NOTE: See Damage Control Resuscitation CPG7
- Ratios of fresh frozen plasma (FFP): packed red blood cells (PRBC) approaching 1:1 have been demonstrated to confer a survival benefit in military and civilian trauma patients.19, 20 While the ideal ratio of FFP: PRBC remains somewhat controversial, it is fair to say early administration of plasma and platelets is appropriate for the trauma patient in extremis.21 When available, use cold stored whole blood. Fresh whole blood may also be safely used. A more exhaustive discussion of damage control resuscitation is found elsewhere in the CPGs and is recommended reading for this subject. Communication with the surgical team regarding the progress of the resuscitation and the stage of the surgery is an important factor in overall success.
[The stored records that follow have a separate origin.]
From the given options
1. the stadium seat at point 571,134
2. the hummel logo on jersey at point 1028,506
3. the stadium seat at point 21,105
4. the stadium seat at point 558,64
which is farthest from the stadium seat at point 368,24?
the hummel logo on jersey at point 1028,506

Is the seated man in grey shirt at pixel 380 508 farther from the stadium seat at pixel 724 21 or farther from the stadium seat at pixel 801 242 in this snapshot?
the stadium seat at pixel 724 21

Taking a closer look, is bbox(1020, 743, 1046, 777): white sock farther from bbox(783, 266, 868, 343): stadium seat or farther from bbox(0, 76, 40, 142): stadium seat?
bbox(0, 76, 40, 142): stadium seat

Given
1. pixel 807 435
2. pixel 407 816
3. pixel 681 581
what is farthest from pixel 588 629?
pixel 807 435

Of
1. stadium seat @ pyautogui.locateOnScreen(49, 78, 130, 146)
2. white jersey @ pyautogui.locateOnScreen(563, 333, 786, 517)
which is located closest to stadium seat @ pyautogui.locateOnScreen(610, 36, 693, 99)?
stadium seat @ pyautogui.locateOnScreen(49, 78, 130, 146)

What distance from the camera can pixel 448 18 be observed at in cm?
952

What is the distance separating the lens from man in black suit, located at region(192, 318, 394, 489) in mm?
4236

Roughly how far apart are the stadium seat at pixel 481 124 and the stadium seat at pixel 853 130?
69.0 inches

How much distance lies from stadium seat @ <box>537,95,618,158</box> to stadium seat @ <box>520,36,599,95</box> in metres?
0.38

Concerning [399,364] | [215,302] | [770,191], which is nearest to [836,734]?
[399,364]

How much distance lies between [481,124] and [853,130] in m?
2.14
- TXA is a potent synthetic lysine derivative that functions as an anti-fibrinolytic. Administration of 2 gm of TXA IV/IO ASAP or within 3 hours of injury has been demonstrated to improve survival in a highly powered, randomized trial of international trauma patients.22 A survival advantage was also demonstrated with the use of TXA in military trauma.23 A recent analysis of prehospital dosing strategies for TXA in moderate to severe TBI found a significantly improved neurologic function at 6 months with a 2 gm bolus given prehospital compared to a 1 gm bolus + 1 gm infusion or placebo for the subset of patients with confirmed intracerebral hemorrhage, and no difference in survival or complications for either dose or placebo for all patients treated based on prehospital Glasgow Coma Scale (GCS) 3-12.24 In other work, when prehospital TXA was administered within 1 hour of injury to patients in severe shock there was a 30 day mortality benefit.25 More detailed analysis of timing and dosing regimens is on-going, but in the meantime it is safe to administer an initial 2 gm bolus of TXA
- Hydrocortisone is a potent mineralocorticoid which can augment blood pressure during shock states when the hypothalamic–pituitary–adrenal (HPA) axis is suppressed and unable to mount an effective stress response. Administration of hydrocortisone 100 mg can improve vasopressor responsiveness in critically ill trauma patients.26,27
- Hypocalcemia must be avoided in massive blood transfusion. Hypocalcemia is often due to chelation of calcium by the citrate preservative in stored blood. Trauma patients can be hypocalcemic even prior to blood product administration.28 Severe hypocalcemia (iCa <0.9), has been associated with higher lactate, lower pH and worsened mortality. 29 30 Administration of 1 gm calcium-can correct this potentially life-threatening hypocalcemia, and the hypotension associated with it. Consider following ionized calcium levels with POC chemistry analysis. If this in unavailable, then consider empiric administration of 1gm calcium chloride after each 4th unit of blood.31
- Use of vasopressors in trauma is generally associated with higher mortality.32 In one analysis evaluating trauma patients who received vasopressor support, vasopressin was found to be the only vasopressor in which the 95% confidence interval for mortality crossed unity, suggesting non-significance.33 Vasopressin was further evaluated by in a randomized controlled trial in which trauma patients received a vasopressin bolus followed by an infusion. The vasopressin group required fewer blood products, had similar mortality and complication rates.34 In cases of refractory hypotension, a vasopressin bolus (2-4 units) followed by infusion (0.04 U/min) can be given in concert with aggressive blood product administration.
- Timely administration of antibiotics can decrease the incidence of post-operative infections and is part of the anesthetic resuscitation. Consider agents that will be effective against skin flora (Gram positive organisms) or, in the event of bowel injury, gastrointestinal flora (anaerobes and Gram negative organisms). The Infection Prevention in Combat-Related Injuries CPG identifies the optimal antibiotics for multiple clinical scenarios.